Collection entries:
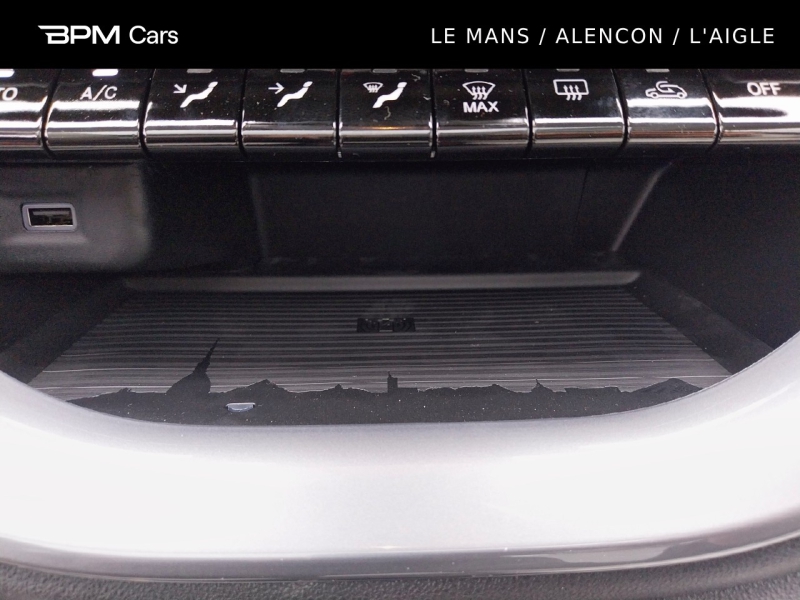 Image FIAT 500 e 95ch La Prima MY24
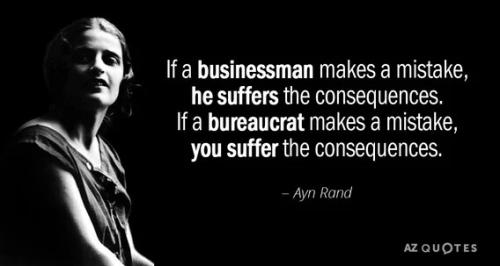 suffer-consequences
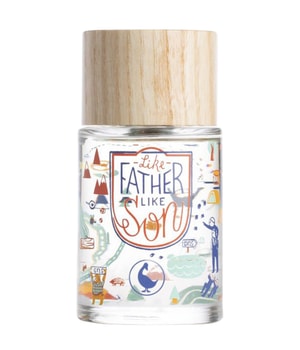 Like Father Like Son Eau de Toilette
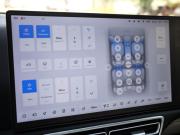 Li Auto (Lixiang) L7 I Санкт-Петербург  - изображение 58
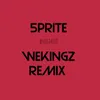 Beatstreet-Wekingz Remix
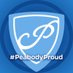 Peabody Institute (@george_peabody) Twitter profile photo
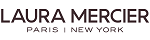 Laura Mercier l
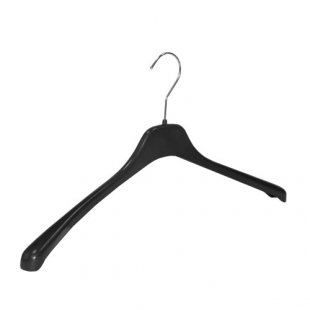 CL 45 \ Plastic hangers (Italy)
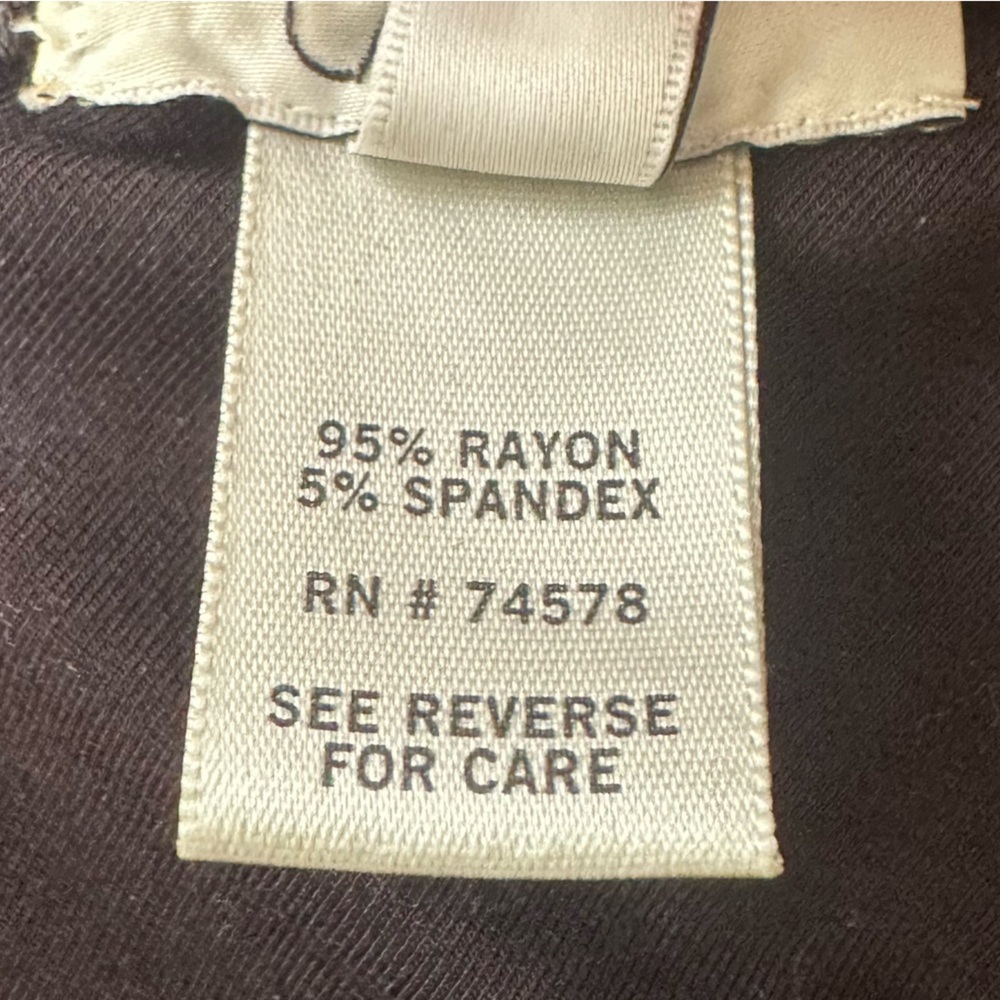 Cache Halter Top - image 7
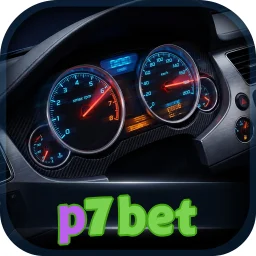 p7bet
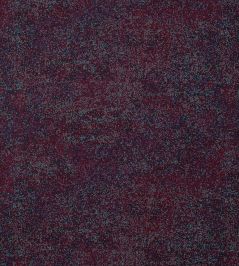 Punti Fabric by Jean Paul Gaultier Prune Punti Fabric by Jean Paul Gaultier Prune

# [TASK GOAL]
The answer must consist solely of the lines from the line containing "Cache Halter Top - image 7" to the end of the data, reproduced exactly, with every picture left out.

# [REPLY]
 Cache Halter Top - image 7
 p7bet
 Punti Fabric by Jean Paul Gaultier Prune Punti Fabric by Jean Paul Gaultier Prune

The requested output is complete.